Anayasa Mahkemesi kararı belediyelerin cumhurbaşkanı kararıyla kurulmasından rektörlerine cumhurbaşkanı tarafından atanmasına Merkez Bankası'nın atanması gibi düzenlemelerin tamamını iptal ettik. Anayasa Mahkemesi TSK'nın rütbeleri valilerin yardımcılarının atanması ek gösterge Yargıtay'ın yapısına kadar devlette yaptıkları her şeyi iptal etti 1 yıl da zaman verdi. Dün akşam itibarıyla Türkiye Cumhuriyeti devletinin kolonları kesiktir. Devleti sakatlamışlardır. Devletin bu hale getirilmesinde AK Parti ile MHP'nin anayasa tanımazlığı sebeptir.
YENİ ANAYASA AÇIKLAMASI
Anayasa istemek için önce mevcut anayasaya uymak gerekmektedir.
"HATAY'DA REZERV ALAN İSYANI VAR"
Afet sırasında orduyu göreve davet edemedi. Depremden sonra bir yıl içinde 650 bin konutun teslim edileceğini söylediler. Ancak 79 bin konut verdiler. Yani yüzde 10'unu verdiler. Orta hasarlı konutlar var. '5 Nisan 2024'e kadar konut güçlendirme ruhsatı alın' dediler. Paralarını verdiler, kredi aldılar. Şimdi 'konutunu güçlendirmişsin ama biz burayı rezevr alanı ilan edeceğiz' diyorlar. Hatay'da rezerv alana büyük bir isyan var. Bunun için rezerv alanı konusundaki mağduriyetin ortadan kalkması, sesinin duyulmasını istiyoruz.

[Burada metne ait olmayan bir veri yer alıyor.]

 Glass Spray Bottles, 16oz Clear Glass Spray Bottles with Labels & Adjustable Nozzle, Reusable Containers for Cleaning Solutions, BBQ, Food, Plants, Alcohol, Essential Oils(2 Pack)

"150 KİŞİ ÖLDÜ SORUMLULAR AK PARTİLİ OLDUĞU İÇİN DIŞARIDA"
Antalya Kepez'de yaşanan teleferik kazasında 1 vatandaşımız hayatını kaybetmişti. Bu olayla ilgili 1 kişi hayatını kaybetti ancak CHP'li olduğu için içerde tutuluyor. Ancak depremde Palmiye Sitesi yıkılıyor; 150 kişi hayatını kaybediyor. Bu olayla ilgili AK Partili olduğu için sorumlular dışarda gezebiliyor. Böyle düzene yazıklar olsun.
"ENFLASYON BİR YILDA YÜZDE 70'LERE ÇIKTI"
Bugün bir yıkımın da yıldönümü. Sayın Bakan Nebati'den kurtuluşun, Sayın Bakan Şimşek'e tutuluşun yıldönümü. Önceki gittiğinde dolar 20 TL'ydi, bu rasyonelin döneminde dolar 32 TL. Enflasyon ise yüzde 70'lere çıktı. Son 18 ayın en yüksek enflasyon oranıdır bu. Enflasyonun düşmesi demek fiyatların düşmesi demek değildir.
"ENFLASYON ANCAK EKSİ OLURSA FİYATLAR DÜŞMEYE BAŞLAR"
Enflasyonun düşmesi demek fiyatların düşmesi demek değildir. Enflasyon ancak eksi olursa fiyatlar düşmeye başlar. Şu anda TÜRK-İŞ'in hesabına göre açlık sınırı 19 bin lira. Emekliye verilen maaş 10 bin lira. Asgari ücret 17 bin 2 liradır. Yani 3 aydır asgari ücret 1 yıldır emekli maaşları açlık sınırının altındadır. Türkiye Avrupa'da enflasyonu en yüksek ülkedir, dünyada Arjantin ve Suriye'den sonra enflasyonu en yüksek ülke Türkiye'dir. Bu ülkede ekonomi kötü yönetilmektedir. Mürekkep aynı mürekkeptir bu sorunun sebebi Recep Tayyip Erdoğan'dır."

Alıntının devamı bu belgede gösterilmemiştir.